Database Design & Normalization

Build efficient, maintainable schemas

Why Database Design Matters

Bad database design creates headaches: duplicate data, update anomalies, slow queries, and data inconsistencies. Good design prevents these problems from the start. Normalization is the process of organizing data to reduce redundancy and improve integrity. Learn these principles now, and you'll build databases that scale gracefully and remain maintainable for years.
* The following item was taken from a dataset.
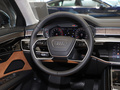 奧迪A8 A8L 55 TFSI quattro旗艦型2024款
The Problem: A Poorly Designed Table

Let's start with a bad design to understand what we're trying to fix.

Everything in one table:

orders (BAD DESIGN):
┌────┬─────────────┬──────────────────┬──────────────┬────────┬────────┐
│ id │ customer    │ customer_email   │ product_name │ price  │ qty    │
├────┼─────────────┼──────────────────┼──────────────┼────────┼────────┤
│ 1  │ Alice Smith │ alice@email.com  │ Laptop       │ 999.99 │ 1      │
│ 2  │ Alice Smith │ alice@email.com  │ Mouse        │ 29.99  │ 2      │
│ 3  │ Bob Jones   │ bob@email.com    │ Laptop       │ 999.99 │ 1      │
│ 4  │ Alice Smith │ alice@email.com  │ Keyboard     │ 79.99  │ 1      │
└────┴─────────────┴──────────────────┴──────────────┴────────┴────────┘
Problems with This Design
  • Data Redundancy: Alice's name and email repeated 3 times
  • Update Anomaly: If Alice changes email, must update 3 rows
  • Insert Anomaly: Can't add a customer without an order
  • Delete Anomaly: Delete Bob's order = lose Bob's info
  • Wasted Space: Same data stored multiple times

What is Normalization?

Normalization is splitting data into multiple related tables to eliminate redundancy. There are different "normal forms" (1NF, 2NF, 3NF, BCNF), each solving specific problems.

The Goal

Each piece of information should be stored once and only once, in the most logical place. Related data is then connected through foreign keys.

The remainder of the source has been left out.